We have now our trained network, are we able to guess the correct values for our test data-set? We give 15 minutes of data in input and compare the output with the 16th minute data :

In [None]:
lstm = load_model("lstm.hdf5")
evaluation = lstm.evaluate(test_x,test_y)
print("Average error on test data :",round(evaluation,6))
print("->",round(math.sqrt(evaluation)*100,1),"% error on average")

## Using the network to detect anomalies

Our network is able to guess the correct future values with an accuracy of ~3% in the context of the training data.

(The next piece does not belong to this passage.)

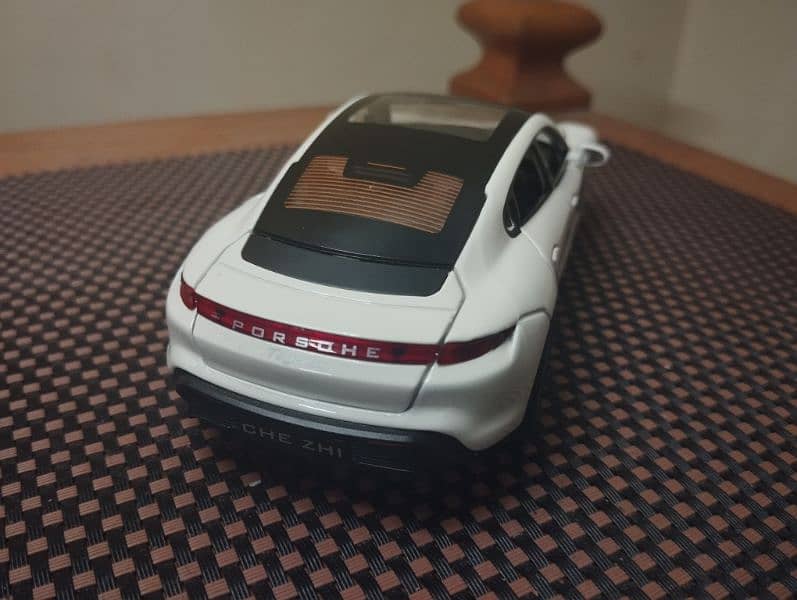 new diecast cars 10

What happens if we change that context? We will check the evolution of the error using the data from the event.csv file.

### Loading the file

In [None]:
# Load the CSV file
strange_event = pd.read_csv("event.csv")
#Drop the timestamp column
strange_event = strange_event.drop(columns=['Date (UTC)'])
strange_event = strange_event.values
#Rescale the data, just like the training set
strange_event_scaled = scaler.transform(strange_event)
#Plotting the data
plt.plot(strange_event_scaled[:,0],label="cernox_4k")
plt.plot(strange_event_scaled[:,1],label="K3")
plt.plot(strange_event_scaled[:,2],label="K4")
plt.plot(strange_event_scaled[:,3],label="K5")
plt.legend()

In this example, all values are suddently increasing after around 140 minutes, which is a behaviour that is not present in the training data. We will format the data as we did for the training set :

In [None]:
event_data = np.zeros((len(strange_event_scaled)-nb_timesteps,(nb_timesteps+1)*nb_features))
for i in range(len(strange_event_scaled)-nb_timesteps):
    event_data[i] = np.reshape(strange_event_scaled[i:i+nb_timesteps+1],((nb_timesteps+1)*nb_features))
# split into input and outputs (15 minutes of data in input, the 16th minute in output)
event_x, event_y = event_data[:, :-nb_features], event_data[:, -nb_features:]
# reshape input to be 3D [samples, timesteps, features] -> [nb_samples, nb_timesteps minutes, nb_features features]
event_x = event_x.reshape((event_x.shape[0], nb_timesteps, nb_features))

### Using the neural network

We will now send in the network the data from T0 to T14 and try to guess T15. We keep the error done in the prediction and restart with data from T1 to T15, then T2 to T16 and so on...

In [None]:
errors=np.zeros(len(event_x))
for i in range(len(event_x)):
    errors[i]=lstm.evaluate(event_x[i:i+1,:,:],event_y[i:i+1],verbose=0)
    
fig = plt.figure(figsize=(15,9))
plt.title("Evolution of the prediction's errors")
plt.plot(errors)
plt.show()

#Apply a sliding average on the output
N = 10
errors = np.convolve(errors, np.ones((N,))/N, mode='valid')
    
fig = plt.figure(figsize=(15,9))
plt.title("Evolution of the prediction's errors (average on "+str(N)+" minutes)")
plt.plot(errors)
plt.show()

We can see that the prediction error is relatively stable except for a huge spike: it should be easy to set a threshold to raise an alarm!

Now this example is fairly obvious, you can try again with the data from file event2.csv.